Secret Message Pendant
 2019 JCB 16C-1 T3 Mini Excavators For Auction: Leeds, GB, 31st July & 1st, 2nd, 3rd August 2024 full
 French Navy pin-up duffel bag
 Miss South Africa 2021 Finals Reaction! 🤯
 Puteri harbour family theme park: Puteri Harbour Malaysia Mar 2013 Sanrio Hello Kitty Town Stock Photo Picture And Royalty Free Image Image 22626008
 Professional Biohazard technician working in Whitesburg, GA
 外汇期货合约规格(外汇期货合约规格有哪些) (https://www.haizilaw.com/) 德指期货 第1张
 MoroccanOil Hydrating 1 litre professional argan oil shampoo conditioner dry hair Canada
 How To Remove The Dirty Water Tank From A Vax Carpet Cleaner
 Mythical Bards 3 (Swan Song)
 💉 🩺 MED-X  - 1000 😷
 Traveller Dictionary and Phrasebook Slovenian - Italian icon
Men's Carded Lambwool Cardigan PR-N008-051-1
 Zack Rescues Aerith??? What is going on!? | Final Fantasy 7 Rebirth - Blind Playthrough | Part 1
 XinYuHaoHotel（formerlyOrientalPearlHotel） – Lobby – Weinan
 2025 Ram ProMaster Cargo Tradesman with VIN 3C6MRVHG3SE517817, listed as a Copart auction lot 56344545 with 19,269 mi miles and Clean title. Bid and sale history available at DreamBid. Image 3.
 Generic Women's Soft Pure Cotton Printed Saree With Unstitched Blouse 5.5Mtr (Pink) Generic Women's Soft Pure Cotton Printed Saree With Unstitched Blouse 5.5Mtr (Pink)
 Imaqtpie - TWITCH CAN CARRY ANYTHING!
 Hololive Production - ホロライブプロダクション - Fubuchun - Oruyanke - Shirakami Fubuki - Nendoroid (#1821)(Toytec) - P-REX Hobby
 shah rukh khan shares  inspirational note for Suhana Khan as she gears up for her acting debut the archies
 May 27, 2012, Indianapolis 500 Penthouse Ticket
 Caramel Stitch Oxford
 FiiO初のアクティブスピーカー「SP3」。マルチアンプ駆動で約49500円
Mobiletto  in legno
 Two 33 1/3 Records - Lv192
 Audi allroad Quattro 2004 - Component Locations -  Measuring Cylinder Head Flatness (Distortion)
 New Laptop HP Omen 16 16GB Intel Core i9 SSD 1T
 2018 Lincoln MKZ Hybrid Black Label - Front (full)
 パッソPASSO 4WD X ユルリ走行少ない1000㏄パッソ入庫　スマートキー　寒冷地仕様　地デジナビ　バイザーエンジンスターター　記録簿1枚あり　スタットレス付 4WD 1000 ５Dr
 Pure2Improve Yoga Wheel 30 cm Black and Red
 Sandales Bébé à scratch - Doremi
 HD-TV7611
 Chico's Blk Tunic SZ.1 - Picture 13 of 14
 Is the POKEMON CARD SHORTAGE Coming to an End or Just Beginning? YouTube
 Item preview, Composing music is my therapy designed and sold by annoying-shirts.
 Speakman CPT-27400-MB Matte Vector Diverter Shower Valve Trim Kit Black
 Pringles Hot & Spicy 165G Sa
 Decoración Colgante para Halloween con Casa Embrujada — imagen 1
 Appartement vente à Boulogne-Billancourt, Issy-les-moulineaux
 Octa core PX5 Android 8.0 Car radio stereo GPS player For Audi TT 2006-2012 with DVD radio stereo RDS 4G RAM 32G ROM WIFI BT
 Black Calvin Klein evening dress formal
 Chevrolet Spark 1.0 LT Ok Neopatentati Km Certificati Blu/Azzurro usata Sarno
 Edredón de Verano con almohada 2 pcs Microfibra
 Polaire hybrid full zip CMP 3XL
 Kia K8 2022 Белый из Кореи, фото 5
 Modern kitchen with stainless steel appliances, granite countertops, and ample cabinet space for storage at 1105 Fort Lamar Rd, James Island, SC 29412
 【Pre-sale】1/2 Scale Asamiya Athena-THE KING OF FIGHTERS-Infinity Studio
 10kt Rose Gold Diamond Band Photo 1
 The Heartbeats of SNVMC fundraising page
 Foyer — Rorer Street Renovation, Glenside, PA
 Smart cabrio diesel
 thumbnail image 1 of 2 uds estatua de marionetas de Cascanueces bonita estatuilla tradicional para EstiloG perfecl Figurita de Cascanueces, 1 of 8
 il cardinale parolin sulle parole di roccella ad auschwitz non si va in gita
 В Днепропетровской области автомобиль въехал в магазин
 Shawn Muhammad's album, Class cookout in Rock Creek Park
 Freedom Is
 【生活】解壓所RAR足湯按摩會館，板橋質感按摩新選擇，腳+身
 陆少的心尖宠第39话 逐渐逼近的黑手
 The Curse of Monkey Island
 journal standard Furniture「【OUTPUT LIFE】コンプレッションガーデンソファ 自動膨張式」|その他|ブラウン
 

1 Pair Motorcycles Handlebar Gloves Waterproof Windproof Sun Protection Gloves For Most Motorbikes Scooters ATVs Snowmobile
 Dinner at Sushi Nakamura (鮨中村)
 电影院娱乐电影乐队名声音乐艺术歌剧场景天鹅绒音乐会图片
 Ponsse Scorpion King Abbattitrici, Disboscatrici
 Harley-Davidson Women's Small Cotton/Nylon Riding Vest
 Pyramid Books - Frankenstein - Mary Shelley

============

### WHAT YOU SHOULD DO
As the answer, set down only the lines from the data above between the one holding "Pringles Hot & Spicy 165G Sa" and the one holding "10kt Rose Gold Diamond Band Photo 1", inclusive, exactly as they read.

### RESPONSE TO THE EXERCISE
 Pringles Hot & Spicy 165G Sa
 Decoración Colgante para Halloween con Casa Embrujada — imagen 1
 Appartement vente à Boulogne-Billancourt, Issy-les-moulineaux
 Octa core PX5 Android 8.0 Car radio stereo GPS player For Audi TT 2006-2012 with DVD radio stereo RDS 4G RAM 32G ROM WIFI BT
 Black Calvin Klein evening dress formal
 Chevrolet Spark 1.0 LT Ok Neopatentati Km Certificati Blu/Azzurro usata Sarno
 Edredón de Verano con almohada 2 pcs Microfibra
 Polaire hybrid full zip CMP 3XL
 Kia K8 2022 Белый из Кореи, фото 5
 Modern kitchen with stainless steel appliances, granite countertops, and ample cabinet space for storage at 1105 Fort Lamar Rd, James Island, SC 29412
 【Pre-sale】1/2 Scale Asamiya Athena-THE KING OF FIGHTERS-Infinity Studio
 10kt Rose Gold Diamond Band Photo 1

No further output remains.